Dieser letzte Vortrag holte breit aus in den kunsttheoretischen Exkurs, was wohl einen großen Teil des Publikums mehr und mehr verschreckte, es gab dann auch nicht nur Flüchtende, sondern auch Vorwürfe ob des als prätentiös empfundenen Vokabulars des Referenten, der sich aber argumentativ gut zu verteidigen wusste und nicht nur darauf aufmerksam machte, dass das Portal selbst völlig unprätentiös gestaltet sei (was er leider nicht nachweisen konnte, denn praktischerweise war schon seit geraumer Zeit die Verbindung zum Internet auf dem Hackerkongress zusammengebrochen), sondern auch selbst zu einem verbalen Schlag ausholte gegen prätentiöse Computerkunst im Stil irgendwelcher Videoinstallationen oder der letzten Transmediale.
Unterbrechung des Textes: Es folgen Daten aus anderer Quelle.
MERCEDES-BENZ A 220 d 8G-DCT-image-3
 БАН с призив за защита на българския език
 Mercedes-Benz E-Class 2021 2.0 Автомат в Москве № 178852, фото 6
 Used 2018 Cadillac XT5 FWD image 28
Außerdem rutschte ihm der hübsche Ausdruck “Demokratur” heraus.
Abends gab es dann im größten Saal ein sehr schönes Quiz mit zu erratenden Begriffen wie “multicast” oder “root shell”. Wunderschön, wie das Publikum über obskure technische Details und Anspielungen gröhlen konnte. Etwas kulturspezifischer wurde es dann, als “Dust Puppy” aus den Userfriendly-Cartoons erraten werden sollte. Der Ratende, im Übrigen ein Solaris-Apologet, scheiterte und äußerte, während die Anderen Userfriendly läsen, schreibe er C-Code. Desweiteren sollten auch so anschauliche Begriffe wie “PERL”, “Paketfilter” und “blocksize” pantomimisch dargestellt werden …
Am Folgetag erreichte ich gerade noch das Ende eines Referats über Blogger und den Irakkrieg; spannender indes schien mir die nachkommende Erörterung über die Problematik Freier Radios in Deutschland und speziell Berlin sowie die etwas ins Mafiöse tendierenden Strukturen der Landesmedienanstalt und der GEMA. Ein bisschen bekam ich dann auch noch mit von einem Vortrag über das Reinhacken in auf Linux basierende Firmwares und die so feststellbaren Verletzungen der GPL. Bei anderer Gelegenheit wurde der Vorschlag eines alternativen Zahlsystems für übers Netz bisher leidlich legal erhältliche Medien dargelegt, der im Groben für jeden Internetbenutzer eine gleich große relativ niedrige Gebühr pro Monat verlangte und gewiss vor den Interessen der großen Industrie nie durchsetzbar sein wird.
Schließlich lauschte ich noch einem Workshop über Softwarepatente – die in großen Netzen ganze Bereiche der Informatik blockieren, monopolisieren und abhängig machen können, einzig kontrolliert von den großen Konzernen, die genug Anwälte beschäftigen – und ihre drohende offizielle Legalisierung in der EU, bevor ich mir die Abschlussveranstaltung ansah.
Diese bestand zur ersten Hälfte aus einer hübschen Jeopardy-Inszenierung für Geeks (es galt, Star-Trek-Titelmelodien, Protokollnummern, Ego Shooter, Window Manager, Zehnerpotenzen u.ä. zu erfragen) und zur zweiten aus einer Gesamtauswertung des Kongresses, der Lokalität, des Internetverbindungszusammenbruchs, des subjektiv empfundenen Drogenkonsumausmaßes sowie dem Aufruf, aufzuräumen.